In brief: Today the Full Federal Court clarified the law of penalties as it applies to fees. The key development is that, in considering whether the amount of a fee is 'extravagant and exorbitant' compared to the potential costs incurred in dealing with a failure to perform an obligation, the court held that indirect costs could be taken into account. Subject to a likely attempt to appeal to the High Court, this development imposes a substantial hurdle for current and future penalties class actions. Partner Jenny Campbell (view CV) and Lawyer Alicia Lyons report.
- The appeal
- The nature of a penalty
- A broader approach to the cost comparison
- Implications for other claims
ANZ's late payment fees were penal because:
- the fees were charged when a customer failed to comply with the term of their account that required them to make a minimum payment each month; and
- the amount of the fee was 'extravagant and unconscionable' compared to the costs the bank incurred in dealing with the customer's failure to make their payment on time;
- ANZ's other exception fees (honour, dishonour and overlimit fees) were not penal because they were charged in respect of an additional service and not as a penalty for not operating the account in a certain way; and
- none of the fees in question contravened the statutory prohibitions on unconscionable conduct.
THE NATURE OF A PENALTY
The Full Court confirmed that the key questions in considering whether a fee is penal are whether:
- it is imposed to secure the performance of another contractual requirement; and
- if so, whether the amount of the fee is extravagant or exorbitant having regard to the charging party's 'legitimate interest' in the performance of the contract, assessed by reference to the greatest conceivable loss that might follow from a failure to comply assessed at the time of entry into the contract.

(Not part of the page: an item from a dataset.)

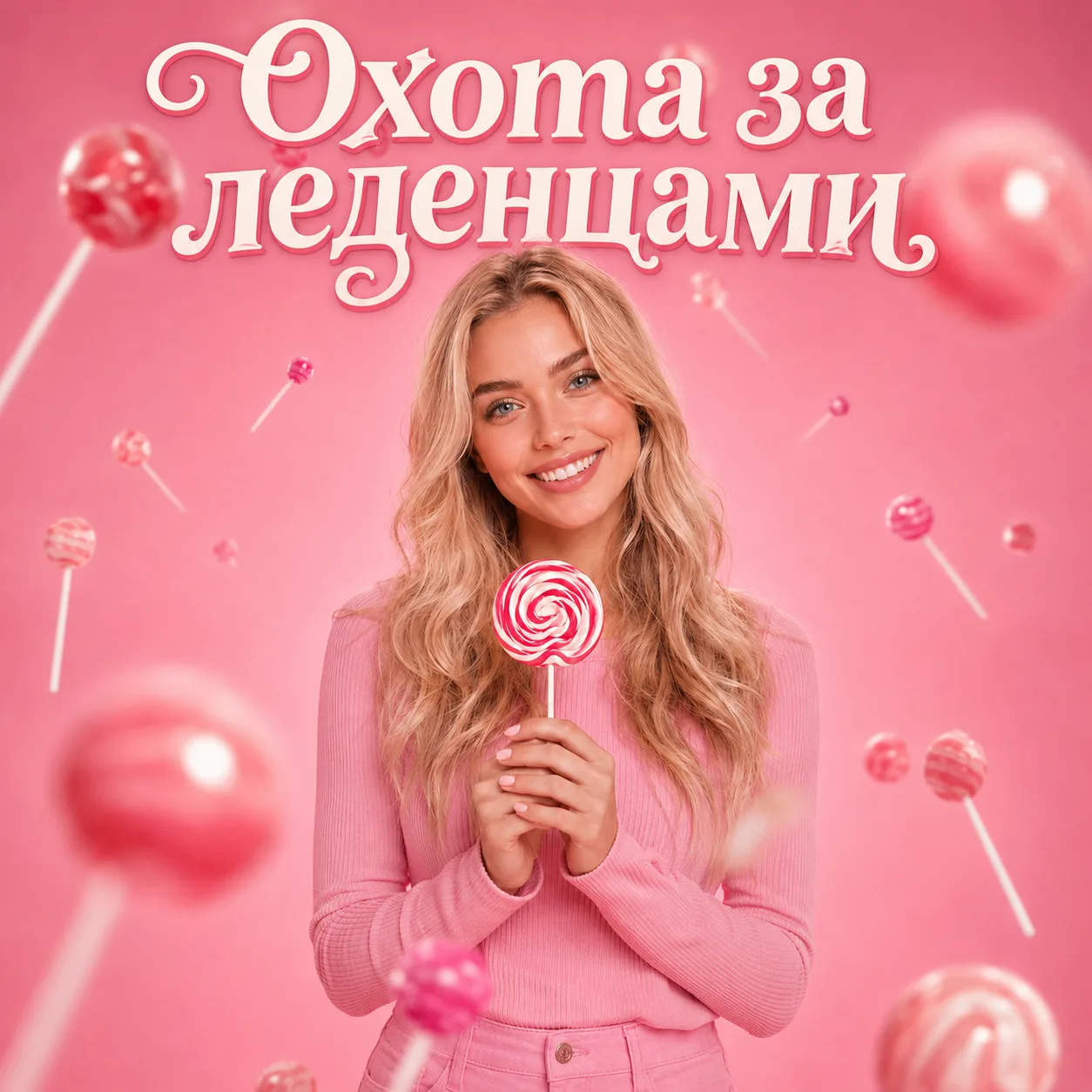 Охота за леденцами!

It also confirmed that a genuine 'fee for service' will not be a penalty and, on that basis, upheld Justice Gordon's finding that ANZ's honour, dishonour and overlimit fees were not penal.
The court also noted that the fact that behavioural modification may be one of the reasons for imposing a fee does not, of itself, make it penal.
A BROADER APPROACH TO THE COST COMPARISON
In considering the class of costs that could be taken into account in determining whether the amount of the late fee was 'extravagant and exorbitant', Justice Gordon focused only on the direct costs actually incurred by ANZ when Mr Paciocco (the representative applicant) was late in making his payment.
The Full Court determined that that is not the appropriate test and that the exercise:
- is to be conducted on a forward looking basis at the time of the contract (and not by reference to actual costs incurred after the event); and
- requires a broader (prospective) assessment of the losses that could flow to the charging party in the event that the relevant obligation is not complied with (and therefore of the legitimate interest to be protected).
The court emphasised that this is a separate and distinct analysis to the question of the damage that has actually been incurred because of non-compliance. The separate question of actual loss suffered is only required if a fee is found to be penal and for the purpose of the assessing the degree to which the fee can be enforced.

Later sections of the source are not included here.